Abstract

Two broad classes of models of exchange rate dynamics can be distinguished in the literature. Sticky price models in which exchange rate dynamics is the result of slowly adjusting prices; and flexible price models in which exchange rate dynamics is the result of wealth accumulation through current account imbalances. The present paper analyses exchange rate dynamics in a model that integrates slowly adjusting prices with wealth accumulation dynamics. Henderson[3](1980) and Kawai[4] (1985) have attempted a similar synthesis under perfect asset substitutability. In this paper we extend the analysis to imperfect asset substitutability and enlarge the choice of assets to domestic and foreign currency and domestic- and foreign-currency denominated bonds. A serious deficiency, shared by both sticky price models and wealth accumulation models, is the assumption that trade flows adjust instantaneously to relative prices, while in reality, this reaction is distributed over time.

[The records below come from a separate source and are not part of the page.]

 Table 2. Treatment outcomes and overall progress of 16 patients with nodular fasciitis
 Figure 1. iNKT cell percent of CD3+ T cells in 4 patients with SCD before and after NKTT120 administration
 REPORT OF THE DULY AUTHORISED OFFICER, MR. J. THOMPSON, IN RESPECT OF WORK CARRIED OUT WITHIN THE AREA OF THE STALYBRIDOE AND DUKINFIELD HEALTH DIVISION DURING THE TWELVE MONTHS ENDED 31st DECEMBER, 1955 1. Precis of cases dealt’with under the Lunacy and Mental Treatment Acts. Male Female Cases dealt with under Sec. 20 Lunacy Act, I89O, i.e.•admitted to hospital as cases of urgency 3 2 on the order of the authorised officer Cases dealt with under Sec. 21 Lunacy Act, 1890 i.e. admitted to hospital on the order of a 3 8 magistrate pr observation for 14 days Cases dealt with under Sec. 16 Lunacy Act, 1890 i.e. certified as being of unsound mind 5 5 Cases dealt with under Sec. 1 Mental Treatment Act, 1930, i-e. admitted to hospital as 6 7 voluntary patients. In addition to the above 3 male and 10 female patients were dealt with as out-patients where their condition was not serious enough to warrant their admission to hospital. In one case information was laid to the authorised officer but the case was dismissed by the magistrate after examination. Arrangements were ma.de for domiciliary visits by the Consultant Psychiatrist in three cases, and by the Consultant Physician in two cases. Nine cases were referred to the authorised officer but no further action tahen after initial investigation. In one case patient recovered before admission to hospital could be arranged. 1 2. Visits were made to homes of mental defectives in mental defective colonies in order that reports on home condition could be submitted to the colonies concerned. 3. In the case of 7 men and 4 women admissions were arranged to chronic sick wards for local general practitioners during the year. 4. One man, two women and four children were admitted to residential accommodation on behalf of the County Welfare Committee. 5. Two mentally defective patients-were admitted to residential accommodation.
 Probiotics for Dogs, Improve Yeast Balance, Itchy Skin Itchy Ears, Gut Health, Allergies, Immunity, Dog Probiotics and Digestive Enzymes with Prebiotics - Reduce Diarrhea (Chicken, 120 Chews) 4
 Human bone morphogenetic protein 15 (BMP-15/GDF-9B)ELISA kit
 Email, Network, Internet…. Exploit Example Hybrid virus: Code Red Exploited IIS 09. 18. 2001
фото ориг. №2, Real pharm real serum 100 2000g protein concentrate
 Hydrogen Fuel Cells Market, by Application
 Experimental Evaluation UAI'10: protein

This assumption has important implications for exchange rate dynamics and the overshooting hypothesis in particular (see, e.g. Niehans[5] 1977). In this paper we extend the analysis to consider the dynamic adjustment path of the exchange rate when trade flows react sluggishly to relative prices. Finally, the analysis is further extended by enriching the wealth accumulation process through its interaction with the government budget constraint.